WHAT IS EXPECTED
Repeat, exactly as written, the lines from the one with "Rosa-weiß gestreiftes Hemd" to the final line of the listing, and keep every picture out.

_ _ _ _ _

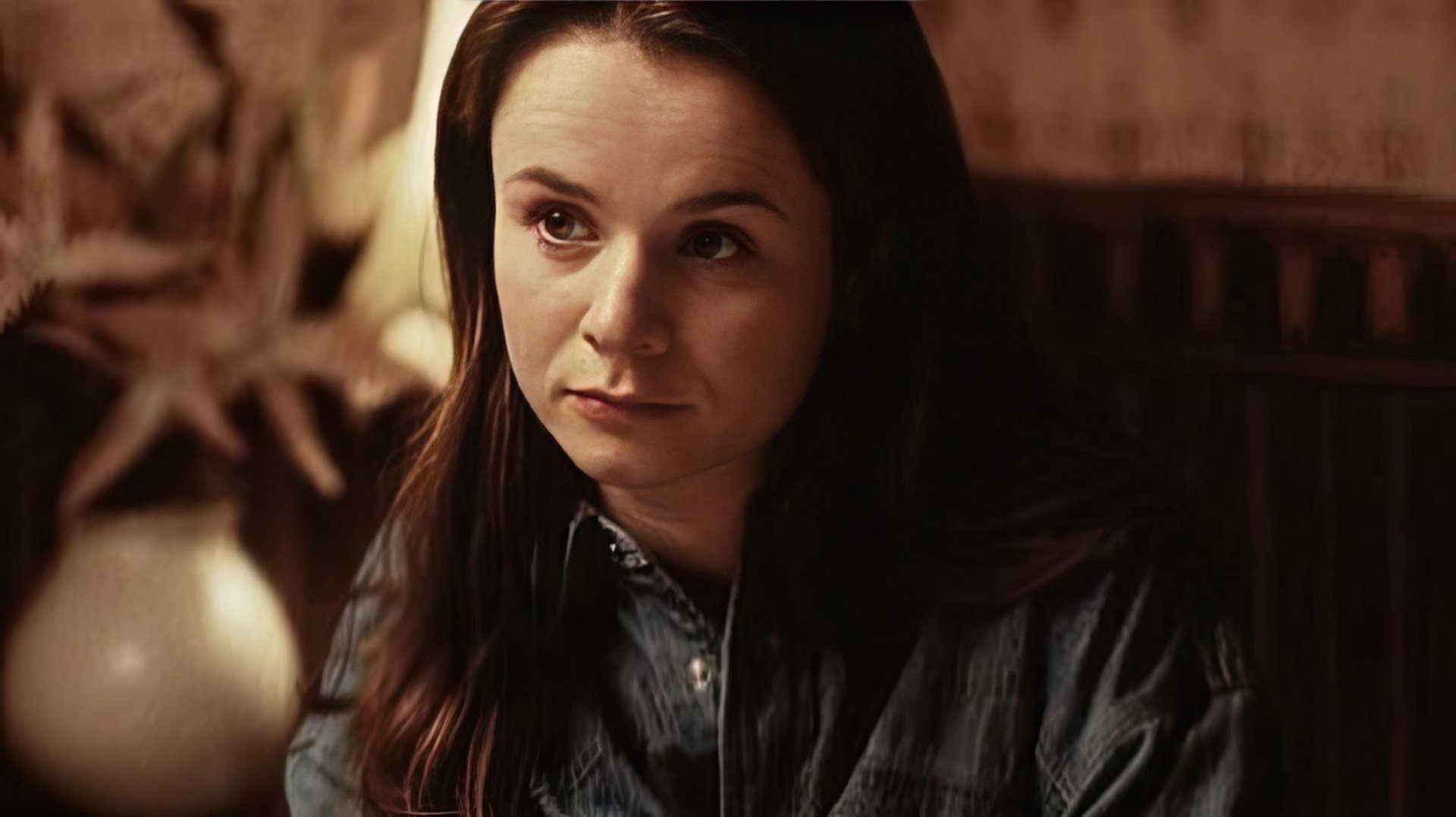 Emily Watson da giovane donna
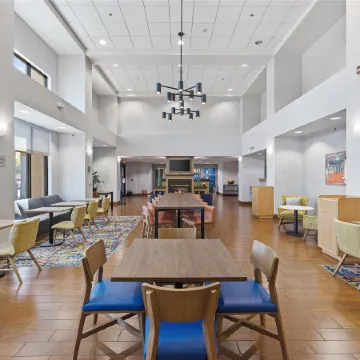 Hampton Inn & Suites Madera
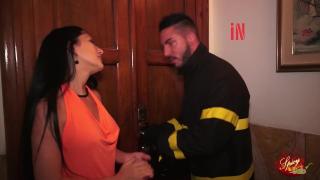 Slutty Housewife Fuks the Fireman 1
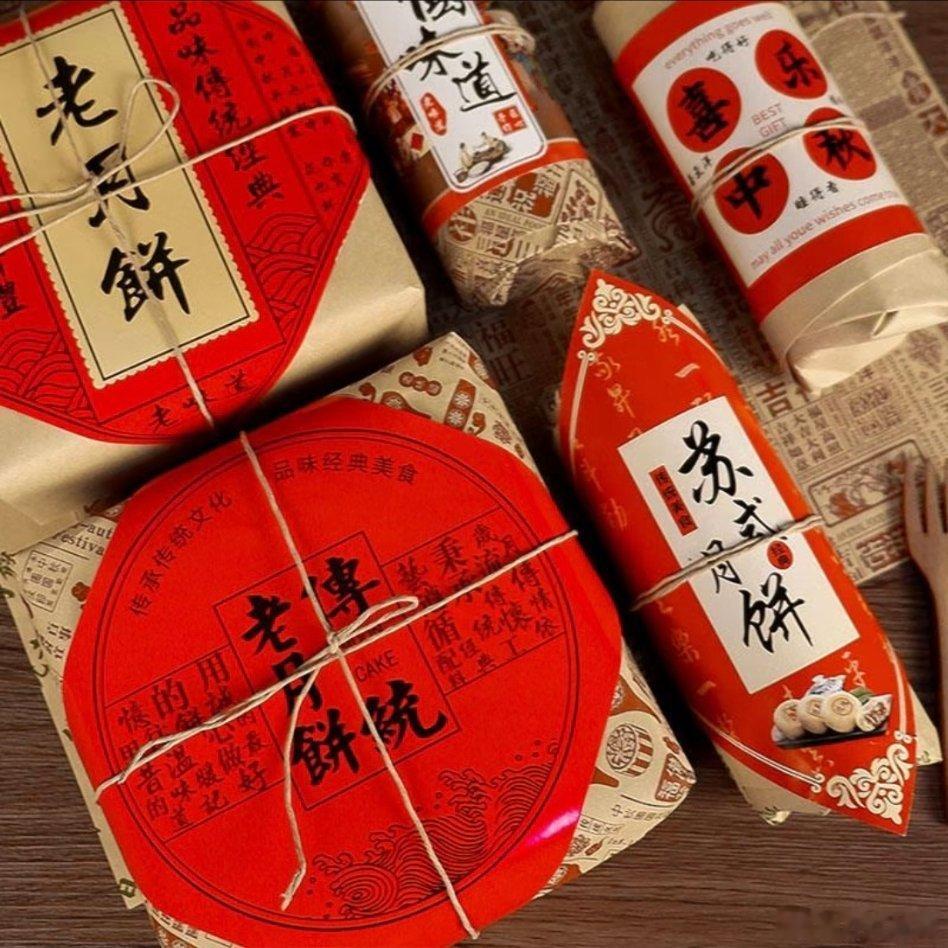 这更像是新国标对命名提出硬性要求后，商家在合规与精准营销之间找到的平衡，而不仅仅是个玩笑。  一、监管倒逼：名称必须与馅料“实名绑定”- 新国标核心要求：根据2024年4月起实施的GB/T 19855
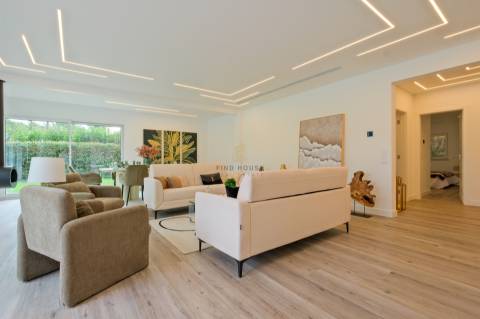 Moradia T4 de Luxo Totalmente Remodelada na Herdade da Aroeira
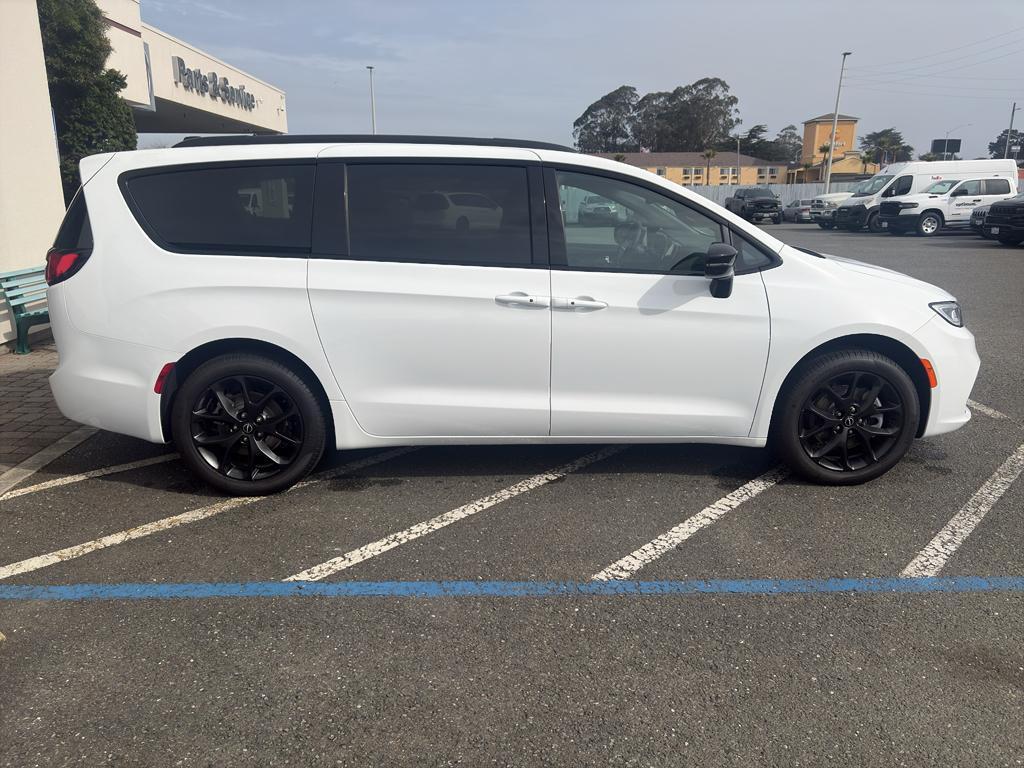 new 2026 Chrysler Pacifica car, priced at $50,851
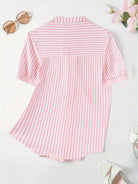 Rosa-weiß gestreiftes Hemd für Damen, kurzärmelig, ideal für Sommermode. Perfekt kombinierbar mit Sonnenbrille und Sandalen.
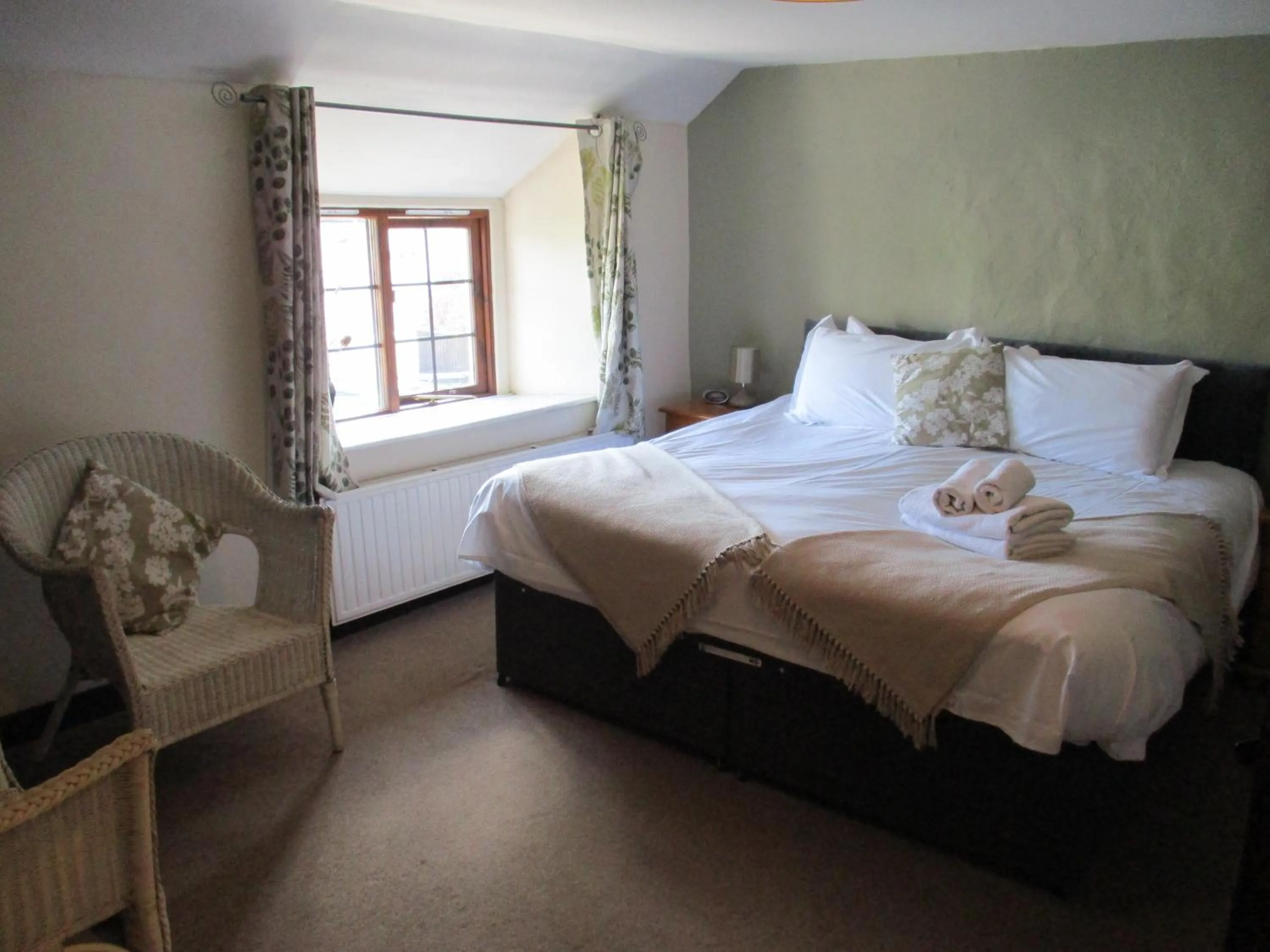 Bed in The White Horse Inn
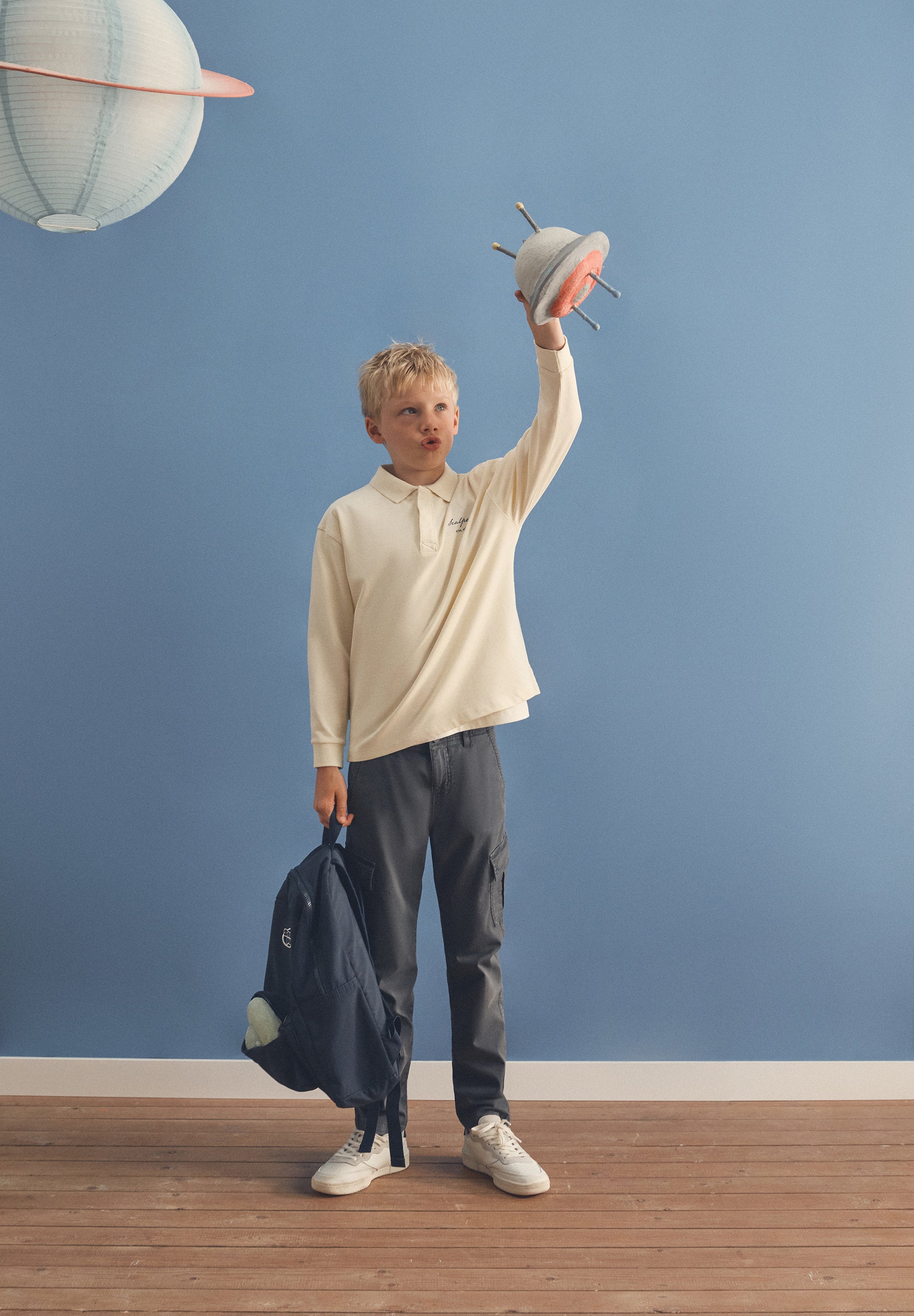 POLOSHIRT MIT LANGEN ÄRMELN UND PRINT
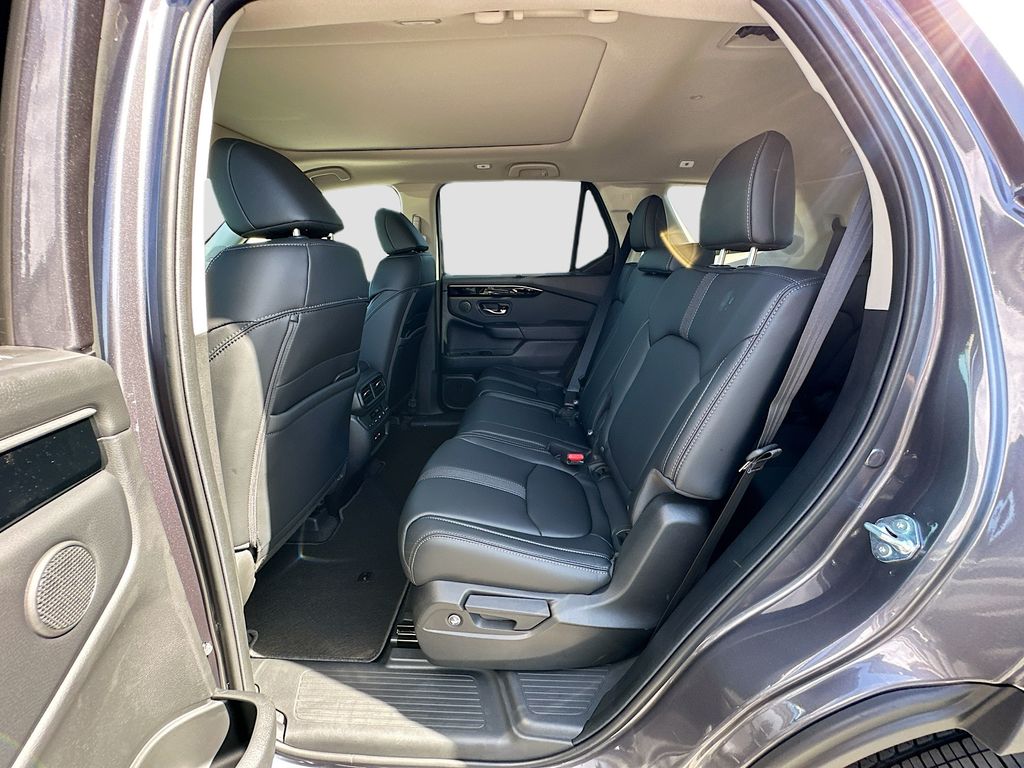 Thumbnail: 2025 Honda Pilot - 17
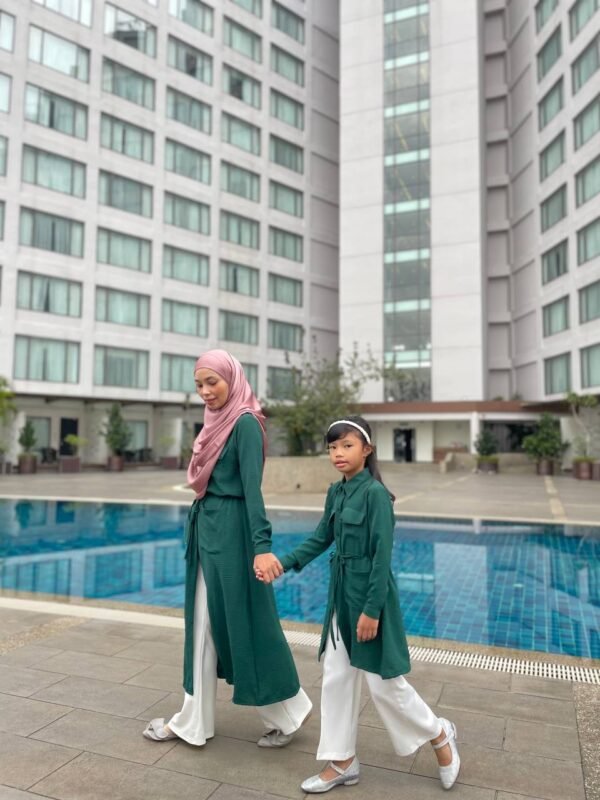 (ADULT) LEONA TUNIC -EMERALD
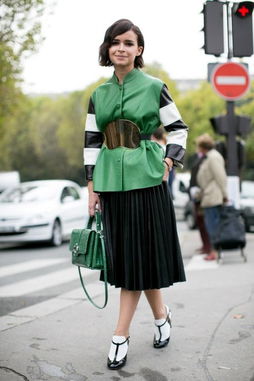 百变百褶裙 时尚潮人引领你时髦到底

_ _ _ _ _

OUTPUT
 Rosa-weiß gestreiftes Hemd für Damen, kurzärmelig, ideal für Sommermode. Perfekt kombinierbar mit Sonnenbrille und Sandalen.
 Bed in The White Horse Inn
 POLOSHIRT MIT LANGEN ÄRMELN UND PRINT
 Thumbnail: 2025 Honda Pilot - 17
 (ADULT) LEONA TUNIC -EMERALD
 百变百褶裙 时尚潮人引领你时髦到底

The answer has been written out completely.